Tuesday, November 6, 2012

Criminalizing addiction

The Supreme Court has several times held that drug addiction on its own is not a crime. As a society, we are now more willing to recognize addiction as a medical issue. Currently the medical community recognizes addiction as a legitimate medical concern. However, there still seem to be instances where a person can be charged with a crime for being a drug addict. Several states now have criminal statutes making it possible to charge a woman with criminal neglect if her infant tests positive for controlled substances. (Ala.Code 1975 § 26-15-3.2)

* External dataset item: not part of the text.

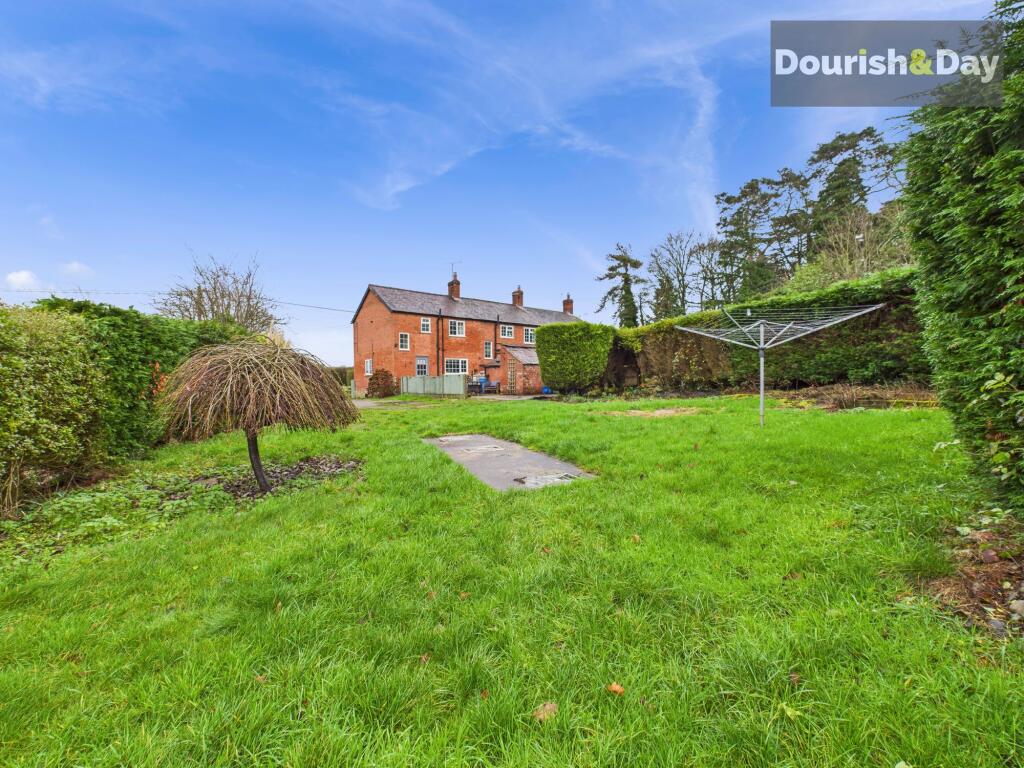 Chester Road, Whitchurch, SY13 photo 2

This statute, as discussed in class, was designed with the production of methamphetamines in mind. The crime is chemical endangerment, and she/he is guilty if they:
Knowingly, recklessly, or intentionally causes or permits a child to be exposed to, to ingest or inhale, or to have contact with a controlled substance, chemical substance, or drug paraphernalia.
This statue has been used against women whose newborns test positive for controlled substances. They are charged regardless of whether or not the child has any other medical effects. The logic behind the law is that the mother was aware of their pregnancy and knowingly exposed their fetus to the controlled substance. The statute makes no mention of its applicability to fetuses, even though this was not its legislative intent.

Julie Ehrlich’s paper “Breaking the Law by Giving Birth, The War on Reproductive Rights, and The War on Women,” details that, as of 2001, women have been prosecuted under child abuse, reckless endangerment, and homicide statutes, in thirty-four states. She argues that these prosecutions violate both the equal protection clause and the due process clause of the 14th amendment. These laws specifically reflect an instance in which the law is applied to disproportionately affect women.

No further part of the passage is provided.